Cumhur-başkanı Tayyip Erdoğan’ın Ak Parti grubundaki konuşması
Türkiye-ABD ilişkilerinin uzun bir süre kontrollü gerginlik
noktasına dahi getirilmesinin mümkün olamayacağını ortaya
koydu.
Esasen, ABD’nin son Büyükelçisi John Bass’in, konsolosluk görevlisi
Metin Topuz’un tutuklanmasına atfen, “İntikam alınmak isteniyor”
ifadesi, fay hattının derinden kırıldığını kanıtlıyordu.

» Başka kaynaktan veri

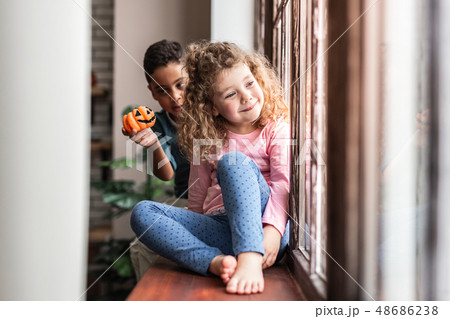 Delighted international boy demonstrating his pumpkin toy 48686238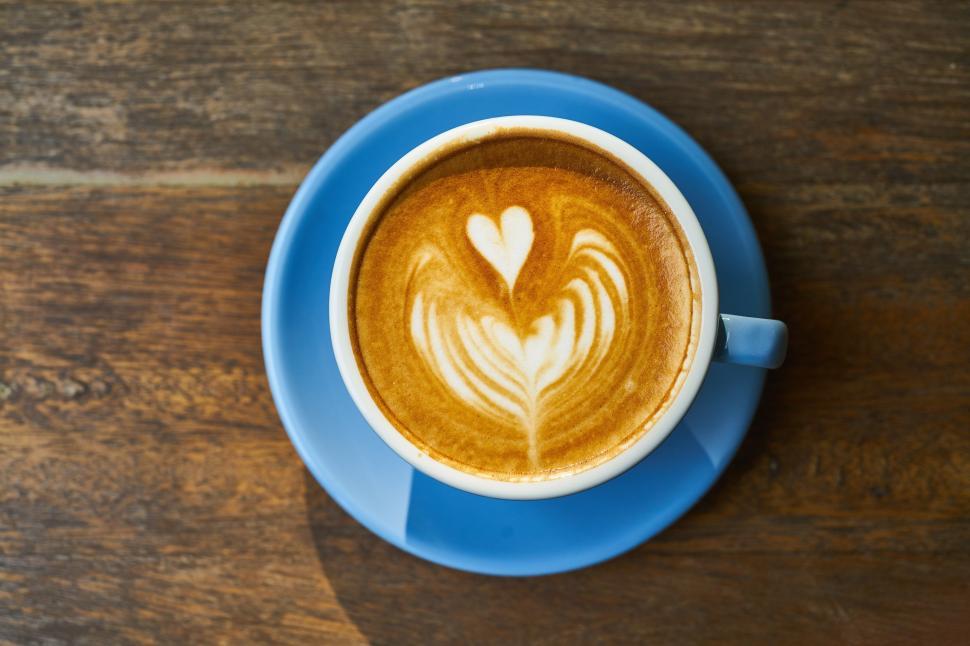 Free Image of A cup of coffee with a heart design in the foam 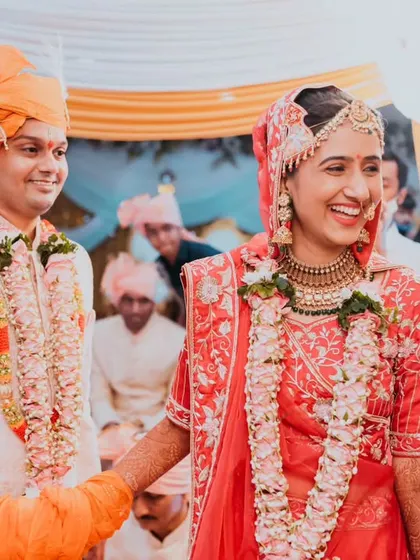 A candid, happy moment as the couple walks together during their Pheras, sharing a laugh.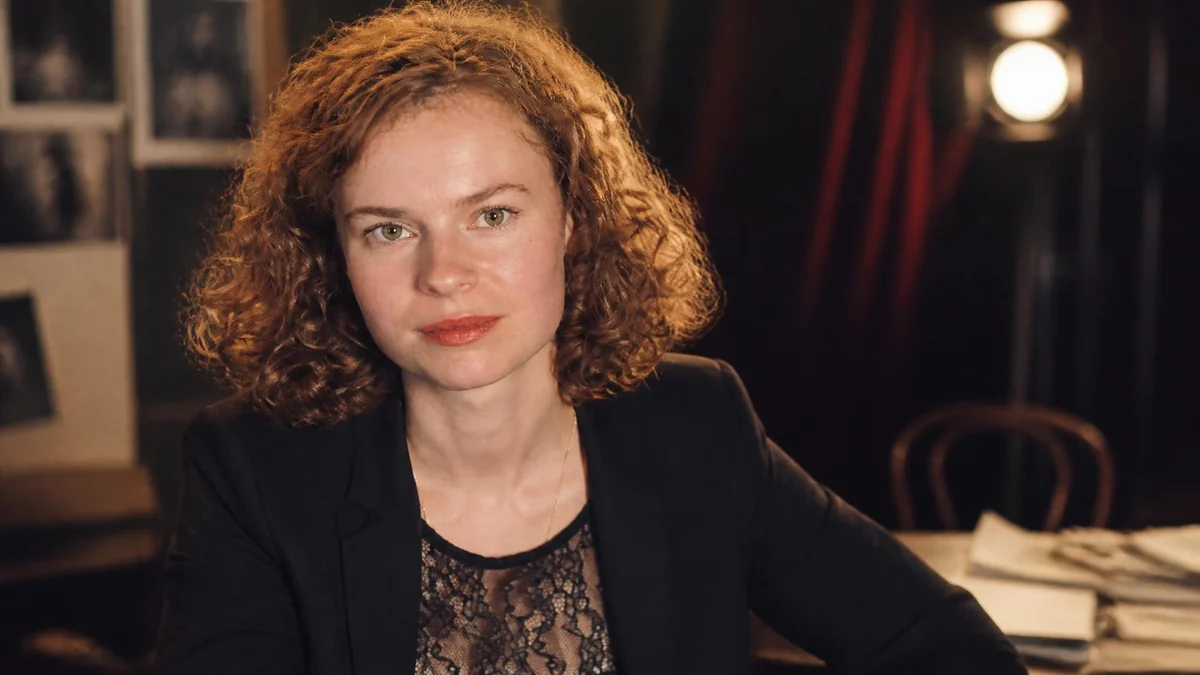 Portrait de l'actrice Sarah Le Picard avec ses cheveux roux bouclés dans un décor de théâtre chaleureux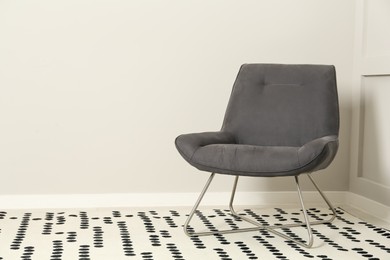 Stylish grey armchair near light wall in room. Space for text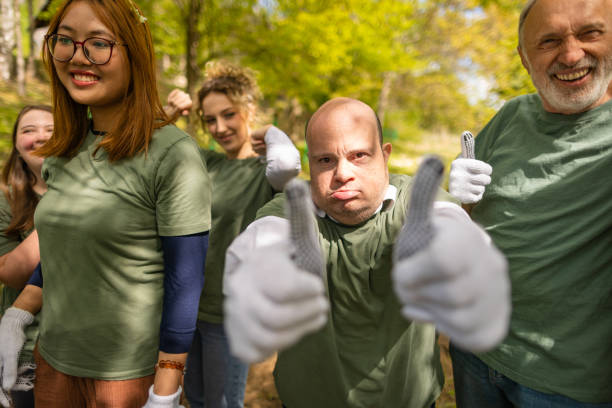 istock Man with down syndrome giving a thumbs up for environmental conservation 1536766966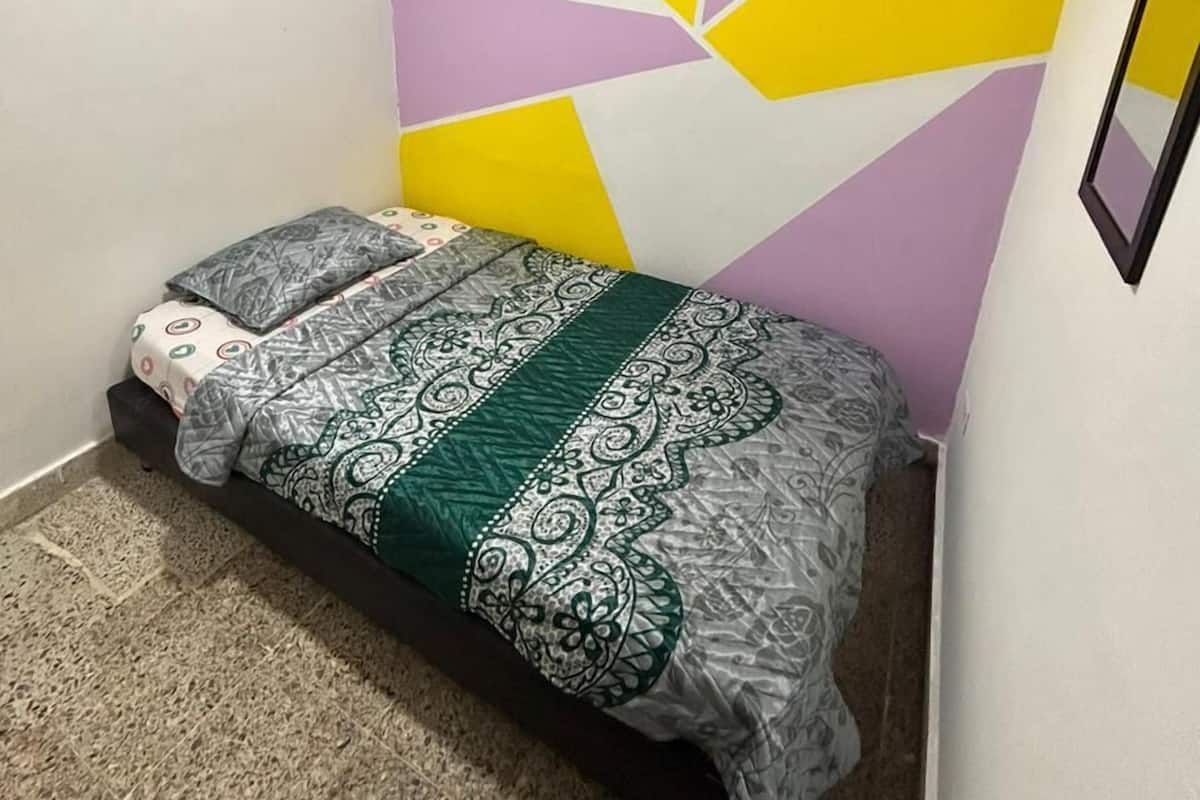 Un dormitorio pequeño con una cama, una pared con diseños geométricos y un techo con vigas de madera.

Ankara’yı Suriye denkleminde, 15 Temmuz travmasında ve YPG
hamiliğinde stratejik ortaklık hukukuna hiç de uymayan bir tabloyla
karşı karşıya bıraktı ABD.
Gerilimi konu bazlı çözmeye çalışan Ankara, yaklaşan Sarraf
fırtınasının farkındaydı.
ABD gibi bir ülkeyle “diplomatik savaş”ın lehine sonuç
vermeyeceğini bir kez daha gördü.
Erdoğan liderliğinin karşısında, 15 Temmuz ateşine odun taşıdığı
ayan beyan ortaya çıkan, Suriye’de El Bab operasyonuyla başlayıp
Rusya-İran ittifakıyla güçlenen çatırdamanın hesabını kesmeye
kararlı ve “Bunlar çelik çomak oynuyorlar” diyerek tepeden baktığı
AB’yle Türkiye konusunda uzlaşmış bir Amerikan yönetimi
duruyor.
Elbette Türkiye’nin de hataları var.